In the remaining 23 states, there were real increases in state aid to higher education over the 2000-2014 period, some quite large, e.g., Texas +$2.313 billion in nominal dollars (+50.9% in nominal dollars), Illinois +$1.587 billion (+70.9% in nominal dollars), New York +$2.251 billion (+83.8% in nominal dollars), Florida +1.155 billion (+44.5% in nominal dollars) during a period in which aggregate inflation was 31% or 37.5%, depending on which source you believe.
You keep pushing the falsehood that public universities haven’t been hurt by state budget cuts. Many have been, especially those in roughly half the states that have made real (inflation-adjusted) cuts to public higher education. In other states public colleges and universities collectively are getting as much or more money than ever in both inflation-adjusted and nominal dollars, though in almost all cases they’re being called upon to educate more students, so inflation-adjusted per-student state appropriations have declined even in most states where absolute state appropriations have kept up with or exceeded the rate of inflation.
Moreover, in some states the legislature has changed the formula by which funds are allocated in ways that have hammered some schools–often the state flagship… A document you yourself linked to in post #169 shows (Appendix A) that between 1989 and 2004, inflation-adjusted state general fund appropriations to the University of Virginia were slashed by 37.6%, while statewide general fund appropriations to higher education were cut by only 12.3% overall. William & Mary (-23.8%) and Virginia Tech (-19.6%) were also hit particularly hard, while some schools saw sharp increases, e.g., George Mason (+17.2%). And the legislature largely shielded the community colleges from budget cuts (-3.2%) while hammering the 4-year institutions (-15.0%).

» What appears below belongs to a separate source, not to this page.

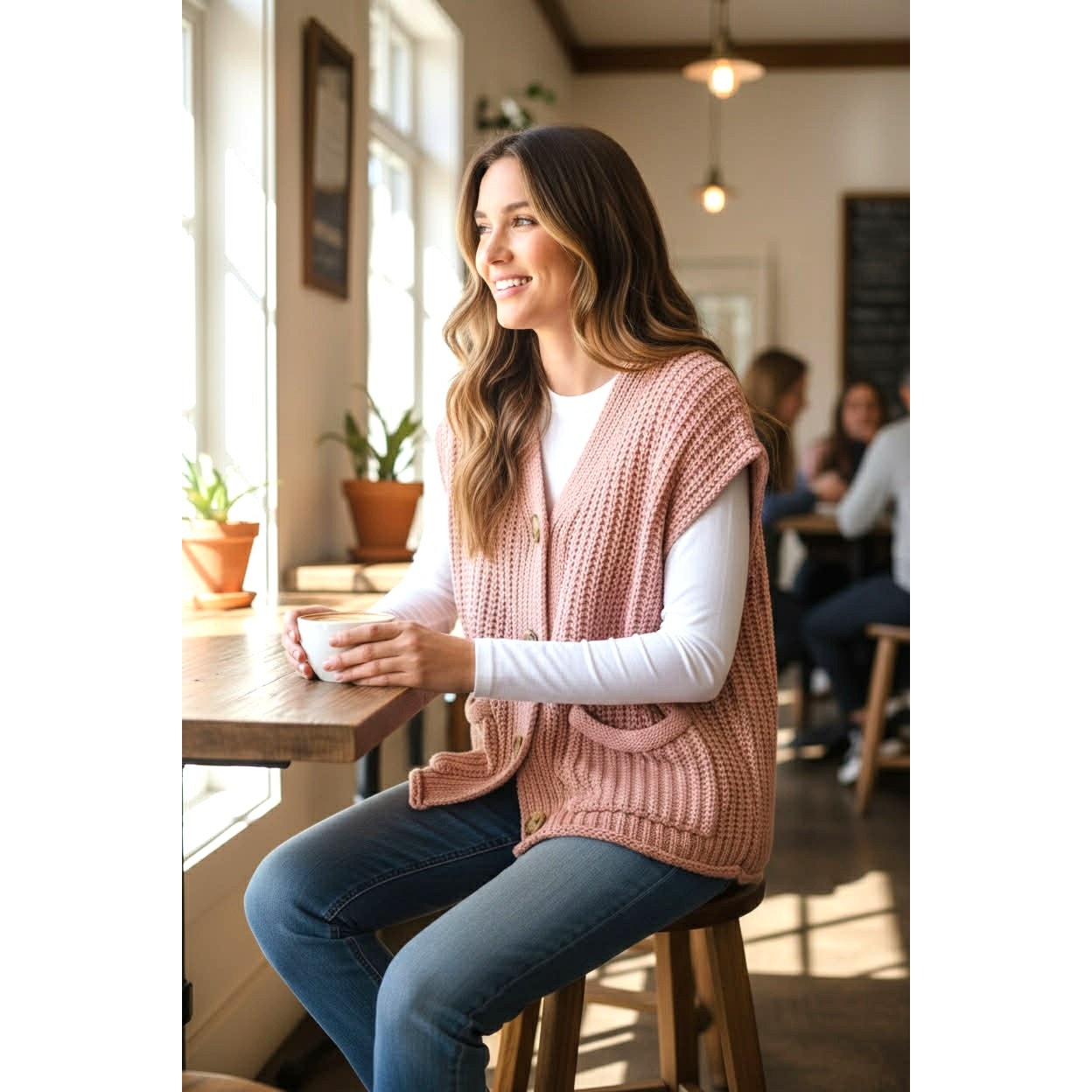 Hapnics Pink Chunky Knit Button-Front Sweater Vest | Size S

Given how unevenly these cuts and increases fall, it seems pretty irresponsible to make blanket statements like, “The states didn’t reduce their overall level of support for state universities.” Many, roughly half, did. Others actually increased their overall level of support for public higher education–though it’s not clear how much of that increased support is going to 4-year public “universities” as opposed to community colleges, and it’s not clear that the older and better-established public flagships are enjoying that largess. In many states it seems that newer and faster-growing schools–often the pet project of some powerful state legislator–get priority funding, and it’s apparently assumed that the better-established, better-resourced flagships will find a way to fend for themselves. As they have, in large measure by raising tuition.